There's not a single person who would disagree with the heart of Pat Kinevane's Forgotten: "The wasting is ferocious," and so it is. The infirmity of aging--not just physical, but mental--is the most terrible, and just the first, in a series of losses experienced as one nears the inevitability of death. However, fewer people will connect with Kinevane's theatrical expression, which inexplicably mashes together Japanese dance and Irish storytelling in what is an increasingly befuddling slog down broken memory lane. Kinevane's visual choices are too often at odds with his verbal ones: it is hard to know what to make of the thickly accented jabbering of a loin-clothed man undulating across the stage when he suddenly sits down with a cup of tea and an effeminate British accent. You know that there's been some sort of movement-influenced segue, but without the script (actually, even with the script), it's hard to process their stories.

The moments that work are those without character, as when Flor, who goes around spit-shining the stage, batters away an invisible hand, first yelling, then pleading: "I'll bath myself I dont want none of your nursey hussey hands on my Pelt." Of course, such emotional abstraction might just as easily be provoked by a montage of indignities committed against the elderly, or--better yet--by visiting a local nursing home. Less effective is his joking invitation to "join the support group for the Alzheimers Association": "What do we want? We don't know. When do we want it? What?" The horror of Alzheimers is watching familiarity drain away from a loved one--it means nothing to see these ones, none of whom we know or understand, fade away. It's even less effective when he abandons his affectations--like the way Gustus, whose paralyzing stroke Kinevane depicts by performing backward (arms butterflied in front of his back to reduce their mobility) rises to perform a Geisha-like dance. It reminds us how much of a cheat the theater can be, the illusion breaking before our eyes.

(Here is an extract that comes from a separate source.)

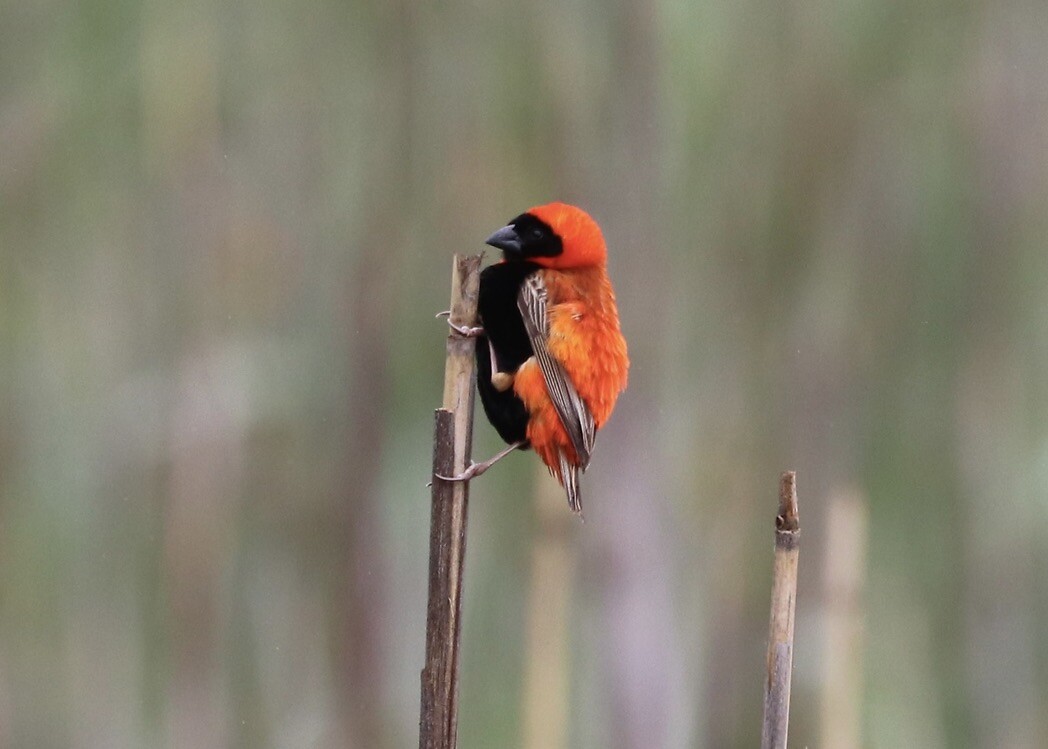 Red Bishop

The Forgotten is roughly eighty minutes long, so between the four characters and the stylized dances, each person is given just under twenty minutes. But that's not enough to sum up eighty-plus years, not enough to empathize with, especially when their narratives are less than straightforward. (In Flor's case, they're actively delusional.) By the end, Kinevane is working so hard to connect things that his characters--let alone their emotions--are hardly visible. The clearest parts are clung to in the moment, like an old romance of Dora's and Eucharia's disdain for writing a will ("Trouble with a capital R.I.P."), but they're hardly unforgettable, which is fine, because in my case, I wouldn't be looking back fondly.